Re: RFC: The hypervisor's responsibility to stuff the RSB

From: Andrew Cooper
Date: Fri Jul 22 2022 - 17:59:19 EST


On 22/07/2022 22:35, Jim Mattson wrote:
> Now that Retbleed has drawn everyone's attention back to Skylake's
> RSBA behavior, I've been hearing murmurings about the hypervisor's
> responsibility to stuff the RSB on VM-entry when running on RSBA
> parts.
>
> Referring back to Intel's paper, "Retpoline: A Branch Target Injection
> Mitigation," it does say:
>
>> There are also a number of events that happen asynchronously from normal program execution that can result in an empty RSB. Software may use “RSB stuffing” sequences whenever these asynchronous events occur:
>>
>> 1. Interrupts/NMIs/traps/aborts/exceptions which increase call depth.
>> 2. System Management Interrupts (SMI) (see BIOS/Firmware Interactions).
>> 3. Host VMEXIT/VMRESUME/VMENTER.
>> 4. Microcode update load (WRMSR 0x79) on another logical processor of the same core.
>>
>> Software may avoid RSB underflow by inserting an “RSB stuffing” sequence following all of the above conditions.
> KVM *does* stuff the RSB on VM-exit, to protect the host kernel.
> However, it fails to stuff the RSB on VM-entry. Stuffing the RSB on
> VM-entry is necessary to protect the guest if KVM has made any unsafe
> changes to the RSB, such as reducing its depth. Though Intel doesn't
> spell it out, the responsibility of the hypervisor on VM-entry is much
> the same as the responsibility of the SMI handler on RSM.
>
> For reference, here's the "BIOS/Firmware Interactions" section of the
> aforementioned paper, referenced above:
>
>> System Management Interrupt (SMI) handlers can leave the RSB in a state that OS code does not expect. In order to avoid RSB underflow on return from SMI, an SMI handler may implement RSB stuffing (for parts identified in Table 5) before returning from System Management Mode (SMM). Updated SMI handlers are provided via system BIOS updates.
> I don't really want to do this, but I don't want to be negligent, either.
>
> Thoughts?

The suggestion is unrealistic.

Even if the SMM handler does stuff the RSB, it's still in a state the OS
code does not expect.  (And if your CPU lacks SMEP, you've totally lost.)

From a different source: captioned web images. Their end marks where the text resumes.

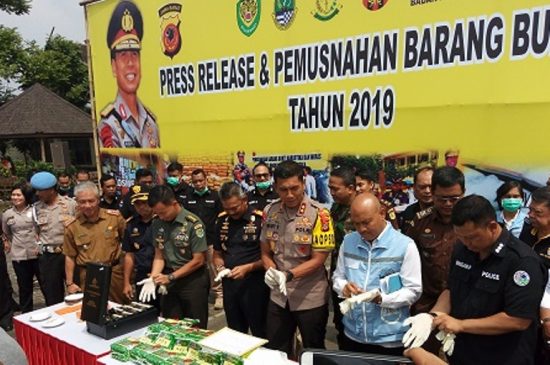 Polda Jabar Musnahkan Barbuk Narkoba, Obat-Obatan dan Kosmetik Illegal
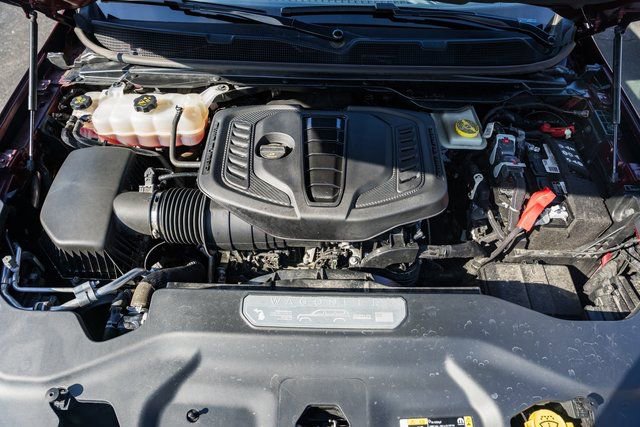 Used 2024 Jeep Wagoneer L Series III w/ Flexible Seating Group image 14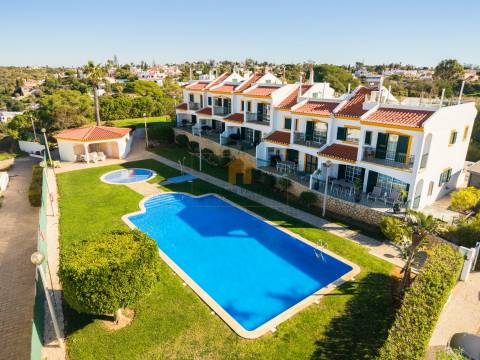 Para venda na Colina Verde, Carvoeiro, moradia geminada T2 com vista mar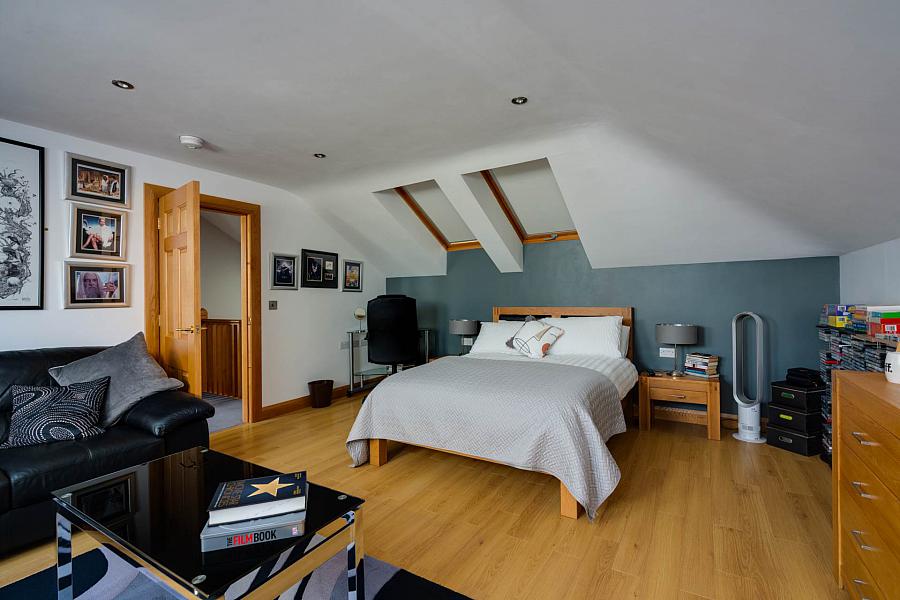 1 Inverbeg Court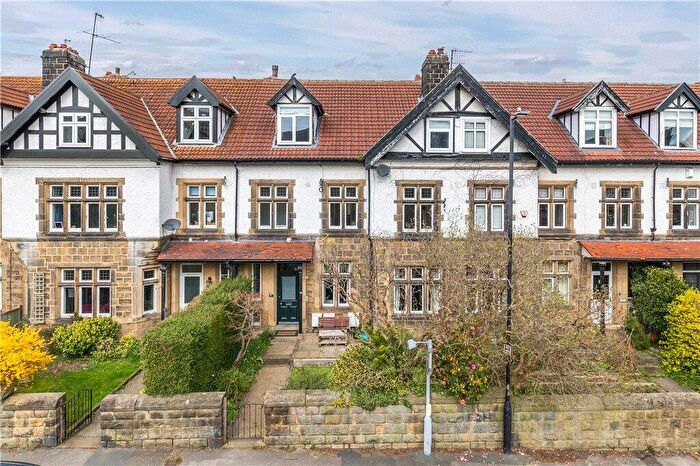 2 Bedroom Apartment To Rent In Bolling Road, Ilkley, West Yorkshire, LS29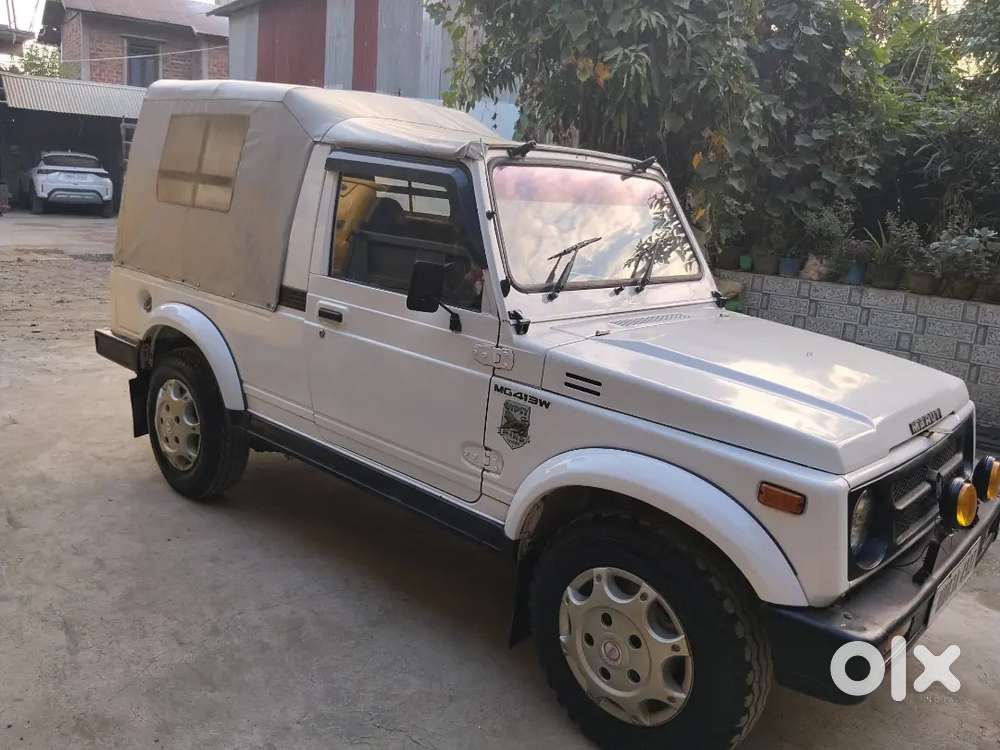 Maruti Suzuki Gypsy Petrol 2013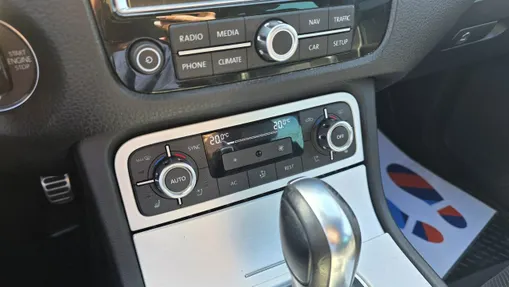 VOLKSWAGEN Touareg -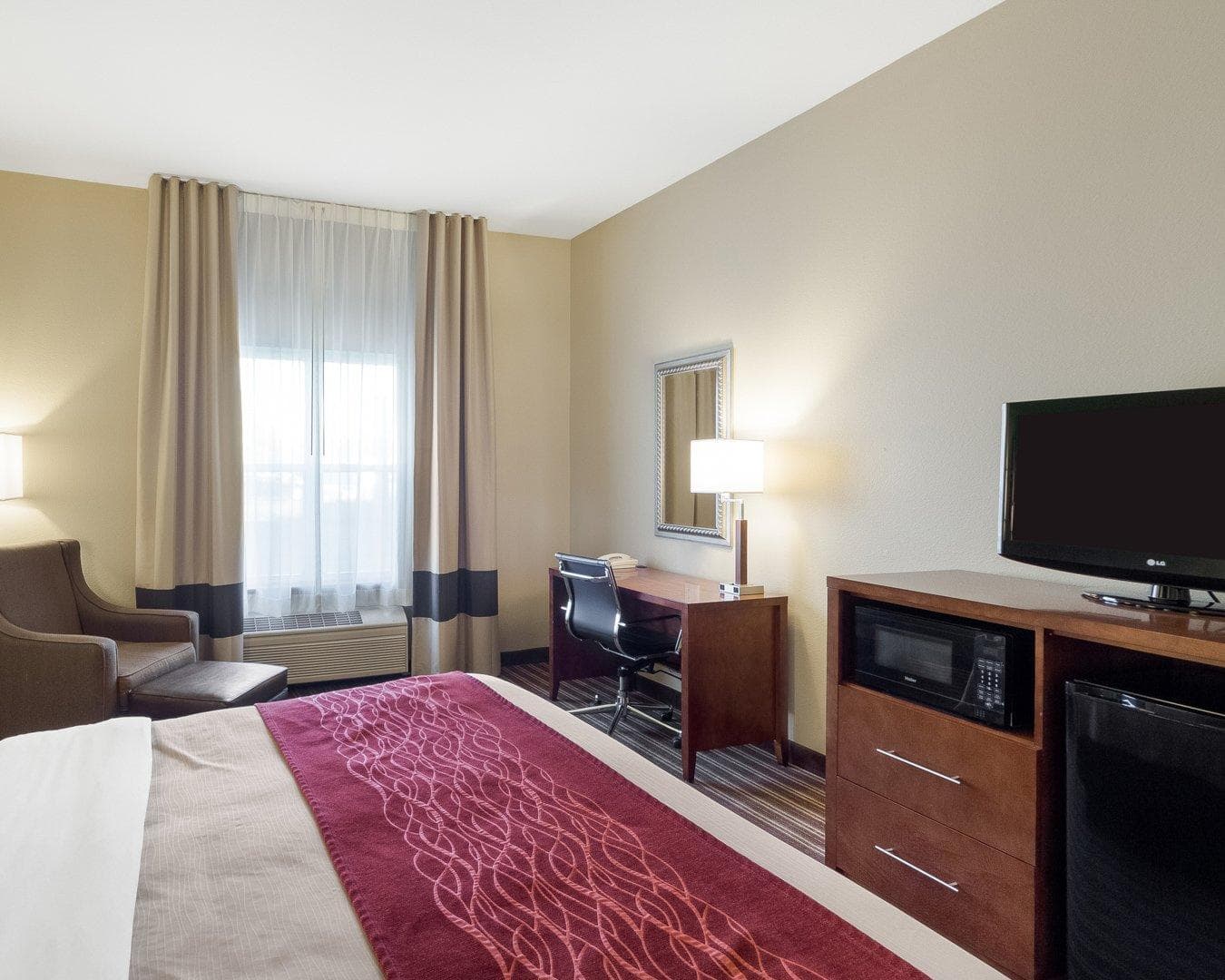 Comfort Inn & Suites Fayetteville-University Area — 8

Retpoline *is not safe* on Skylake-era CPUs, and we knew this before the
Spectre/Meltdown embargo broke in Jan '18.  Having SMM/VMM stuffing on
exit doesn't fix the problem; it just papers over two of the many holes.

Xen also does not stuff on the exit-to-guest path, and I don't consider
changing this to be a useful improvement in security.

~Andrew